DATA RECORDS ->

________

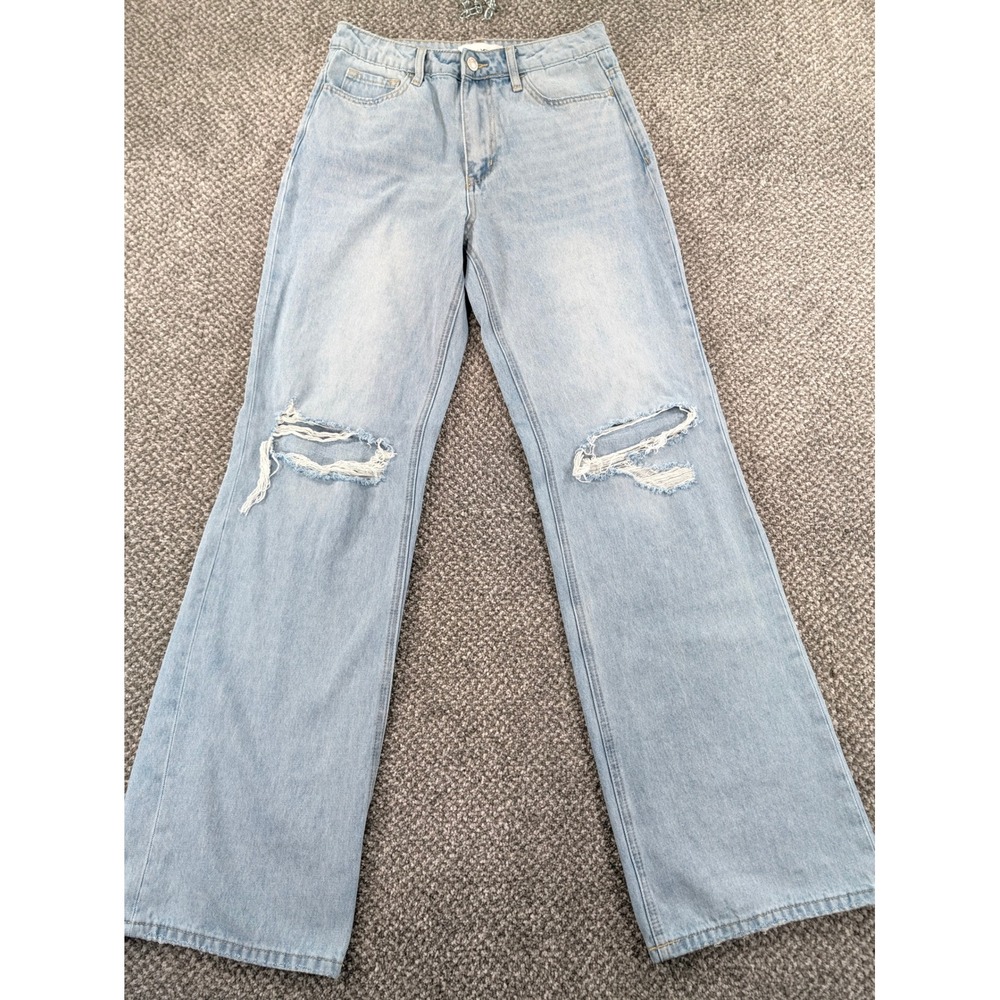 Vervet Los Angeles V2473 Distressed Wide Leg Jeans Light Wash Cotton Size 28 - Picture 2 of 16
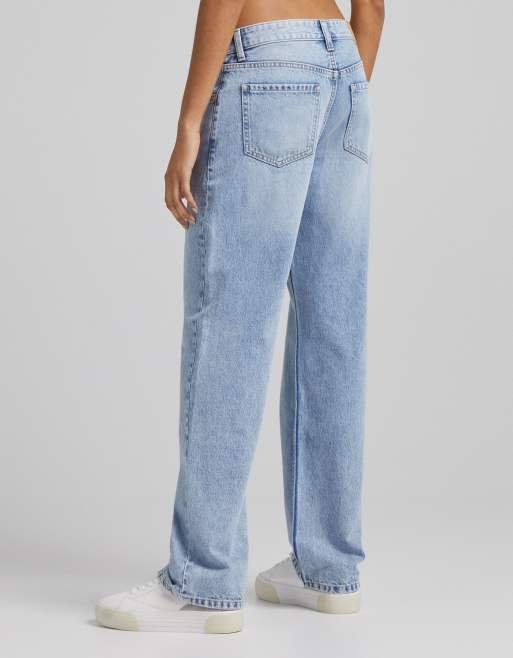 bershka 90's low waist baggy jean in vintage blue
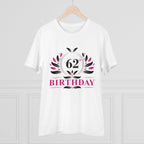 Men's PC Cotton 62nd Birthday Printed T Shirt (Color: White, Thread Count: 180GSM)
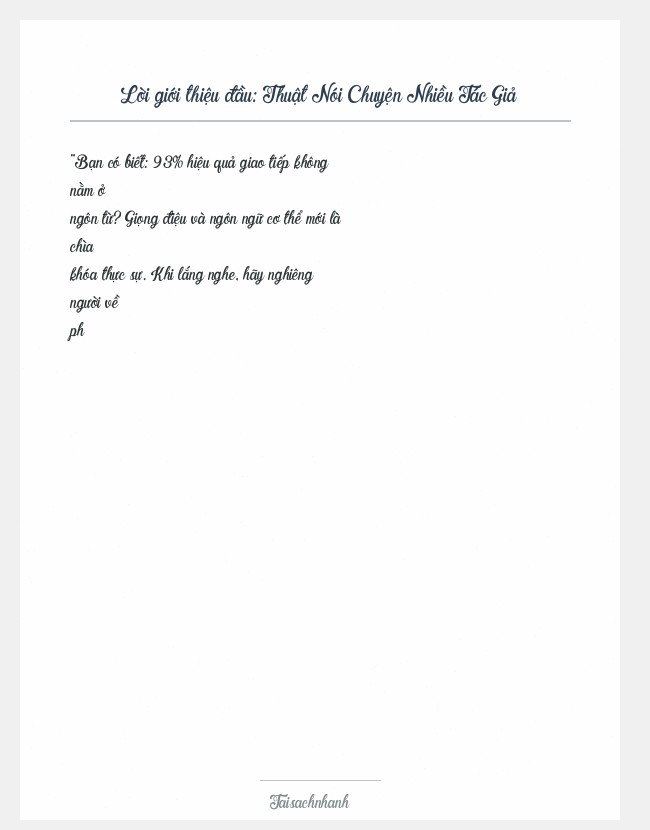 Trích đoạn Thuật Nói Chuyện Nhiều Tác Giả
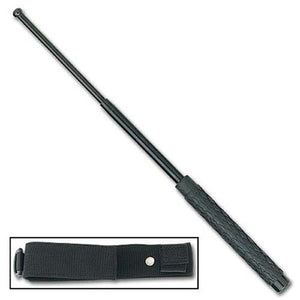 21" Black Expandable Baton With Rubber Grip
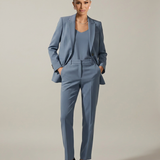 Women's Tailored Blazer and Straight-Leg Trouser Set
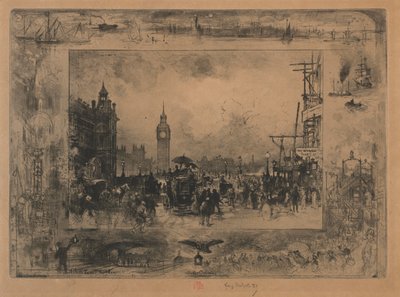 Westminster Brug, of Westminster Toren door Felix Hilaire Buhot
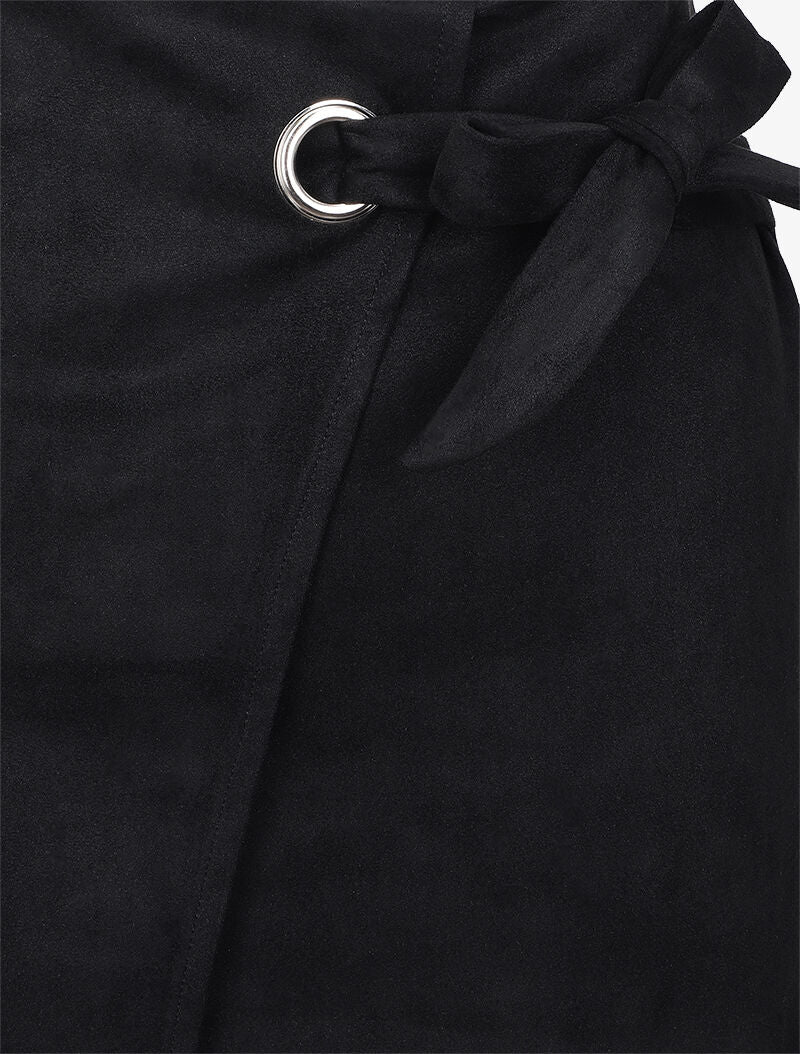 Jupe portefeuille en suédine à pan asymétrique - Noir - Image 3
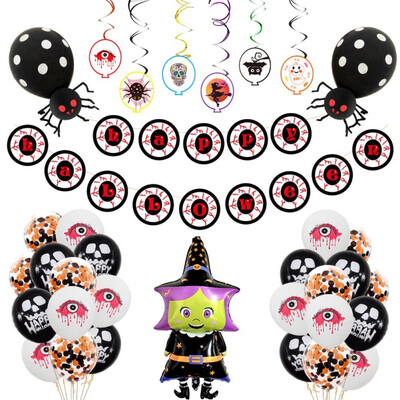 

Special Halloween Aluminium Film Hotel KTV Mall Ghost Festival Dress Up Horror Cartoon Balloon Background Wall Decoration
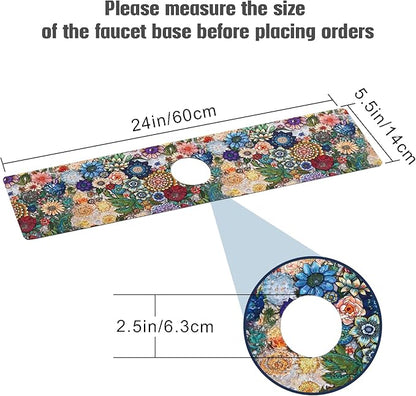 Sink Faucet Absorbing Mat, 2 Pack Drying Mat Around Faucet Sink Splash Guard Behind Faucet Sinkmat For Kitchen Bathroom Island Rv 24 * 5.5 Inch (60 * 14 cm)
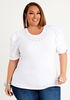 Embellished Puff Sleeve Jersey Tee, White image number 0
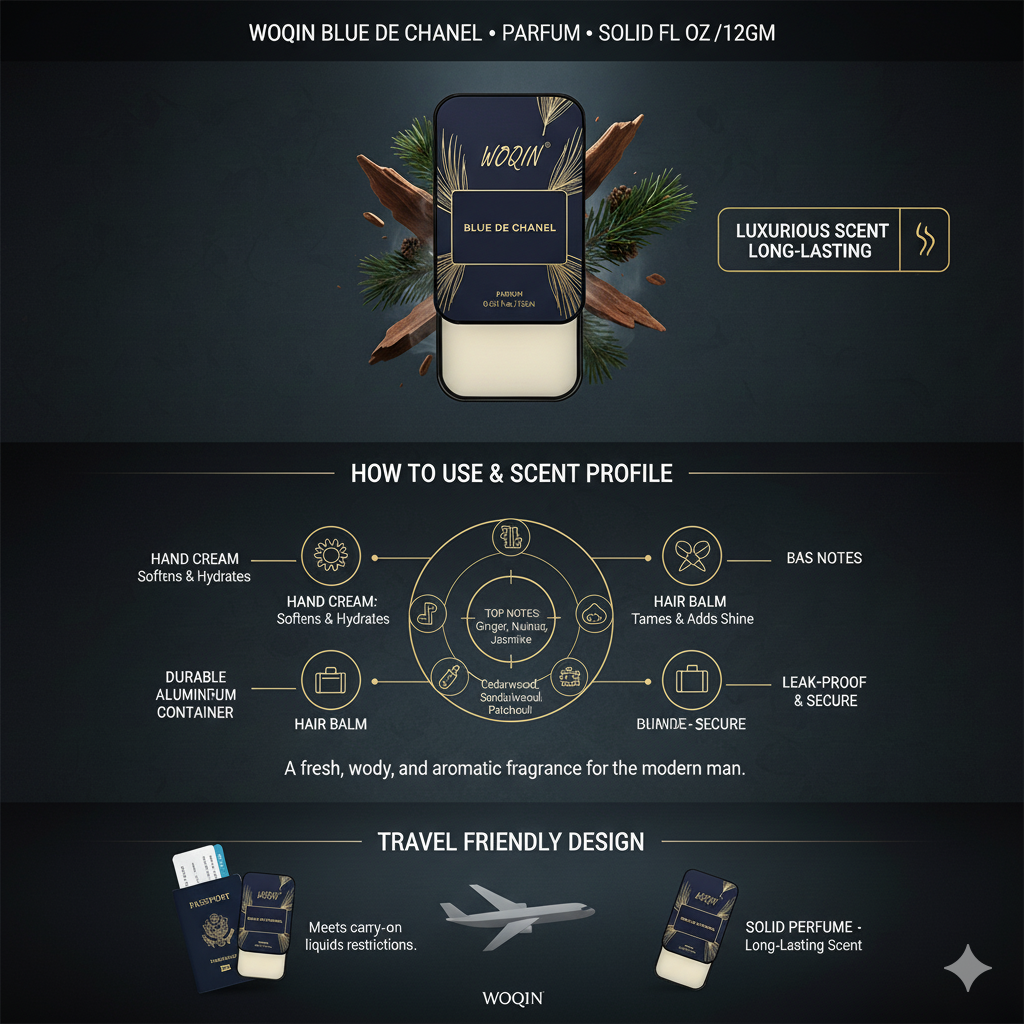 WOQIN® Blu-De-Chanel Solid Perfume | Alcohol Free &amp; Non-Greasy Cologne | Strong &amp; Long Lasting Fragrance | 12g (Blu-De-Chanel Premium Fregrence (Woody, Spicy Oud, Leather))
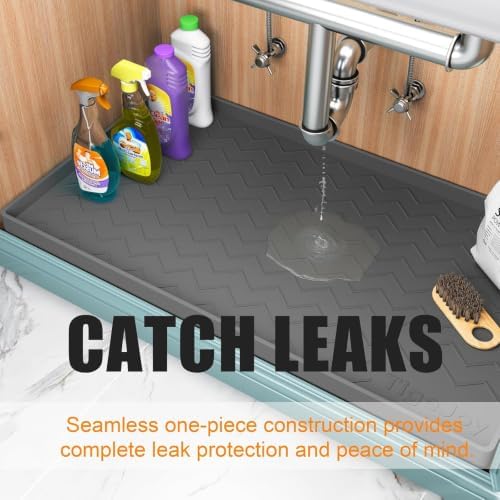TigeJoy Under Sink Mats for Kitchen Waterproof 28" x 22", Cabinet Liner - Image 2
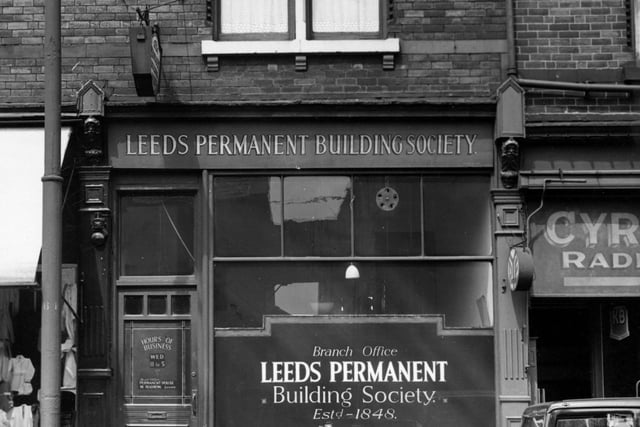 Leeds Permanent Building Society and Cyril Barker radio dealer next door pictured in June 1950.
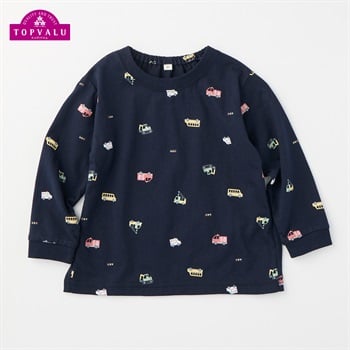 車総柄プリント 長袖Tシャツ トップバリュ ベビー(ネイビー-80cm)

________

ASSIGNMENT ->
Leaving the pictures out, set down exactly the lines from the one with "Trích đoạn Thuật Nói Chuyện Nhiều Tác Giả" through the end of the records.

OUTPUT FOR THIS EXERCISE ->
 Trích đoạn Thuật Nói Chuyện Nhiều Tác Giả
 21" Black Expandable Baton With Rubber Grip
 Women's Tailored Blazer and Straight-Leg Trouser Set
 Westminster Brug, of Westminster Toren door Felix Hilaire Buhot
 Jupe portefeuille en suédine à pan asymétrique - Noir - Image 3

Special Halloween Aluminium Film Hotel KTV Mall Ghost Festival Dress Up Horror Cartoon Balloon Background Wall Decoration
 Sink Faucet Absorbing Mat, 2 Pack Drying Mat Around Faucet Sink Splash Guard Behind Faucet Sinkmat For Kitchen Bathroom Island Rv 24 * 5.5 Inch (60 * 14 cm)
 Embellished Puff Sleeve Jersey Tee, White image number 0
 WOQIN® Blu-De-Chanel Solid Perfume | Alcohol Free &amp; Non-Greasy Cologne | Strong &amp; Long Lasting Fragrance | 12g (Blu-De-Chanel Premium Fregrence (Woody, Spicy Oud, Leather))
TigeJoy Under Sink Mats for Kitchen Waterproof 28" x 22", Cabinet Liner - Image 2
 Leeds Permanent Building Society and Cyril Barker radio dealer next door pictured in June 1950.
 車総柄プリント 長袖Tシャツ トップバリュ ベビー(ネイビー-80cm)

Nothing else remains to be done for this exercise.